A number that appears only once
Problem Description
Given an array of non-empty integers, each element appears twice except for one element. Find the element that appears only once.
Description:
Your algorithm should have linear time complexity. Can you do it without using extra space?
answer
hash table
Additional knowledge points:
The Map collection is based on key/value mapping . Each key can only map one value at most. The key can be the value of any reference data type and cannot be repeated; the value can be the value of any reference data type and can be repeated; the key-value pairs are stored out of order.
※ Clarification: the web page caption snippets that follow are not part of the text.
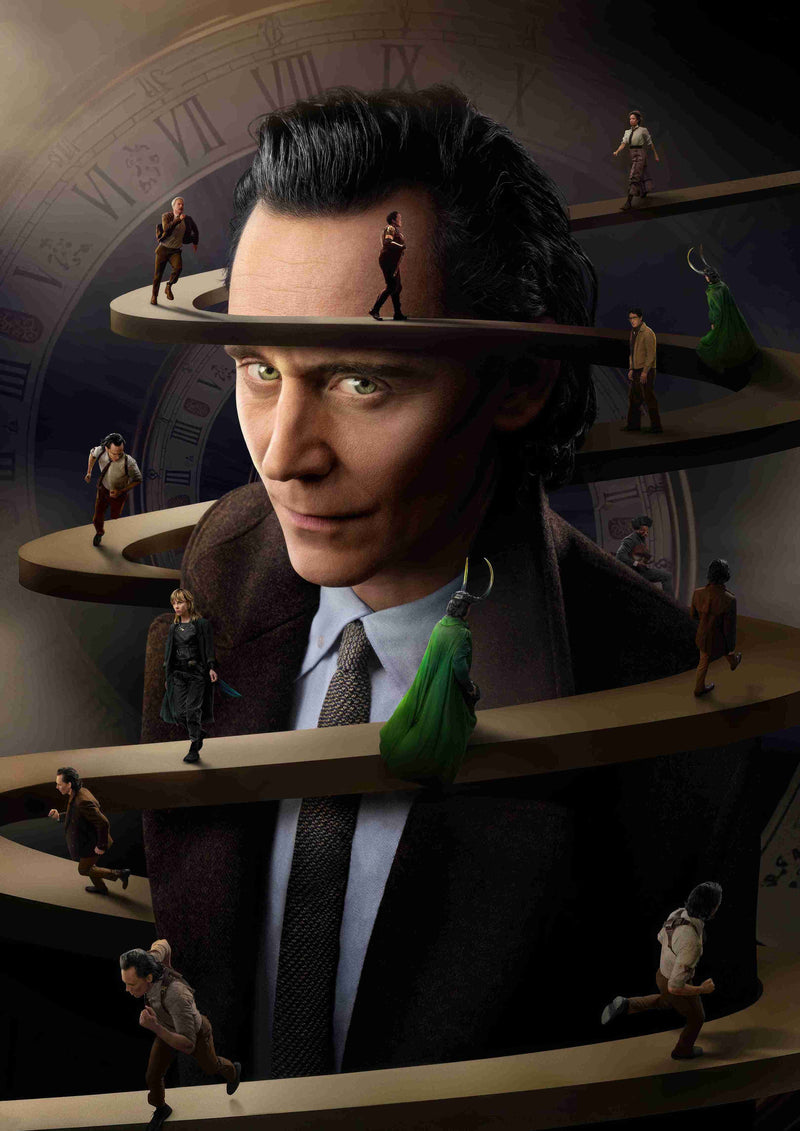 Quadro Decorativo - Loki Poster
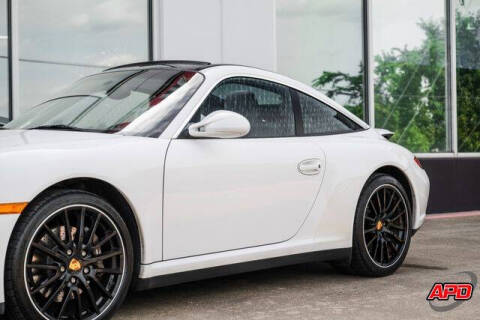 2009 Porsche 911 Targa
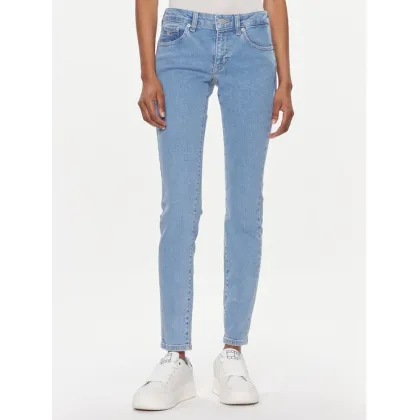 Zdjęcie Tommy Jeans Jeansy Sophie Lw Skn Cg4239 DW0DW17148 Niebieski Skinny Fit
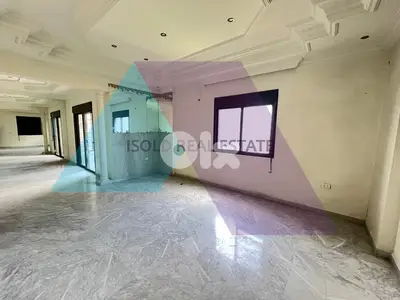 Apartment +terrace+sea view 4 sale Zouk Mikhayel زوق مكايل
Common methods of HashMap :
put(K key, V value): store the key (key)/value (value) mapping in the Map collection.
get(Object key): Returns the value mapped by the specified key, and returns null if there is no value corresponding to the key.
size(): Returns the number of data in the Map collection.
clear(): Clear the Map collection.
isEmpty (): Judge whether there is data in the Map collection, if not, return true, otherwise return false.
remove(Object key): Delete the data whose key is the key in the Map collection and return its corresponding value.
values(): Returns data in the Collection data type format composed of all values in the Map collection.
keySet(): Returns the Set collection composed of all the keys in the Map collection.
containsKey(Object key): Judge whether the specified key is included in the collection, return true if it contains, otherwise return false.
containsValue(Object value): Judge whether the specified value is included in the collection, return true if it contains, otherwise return false.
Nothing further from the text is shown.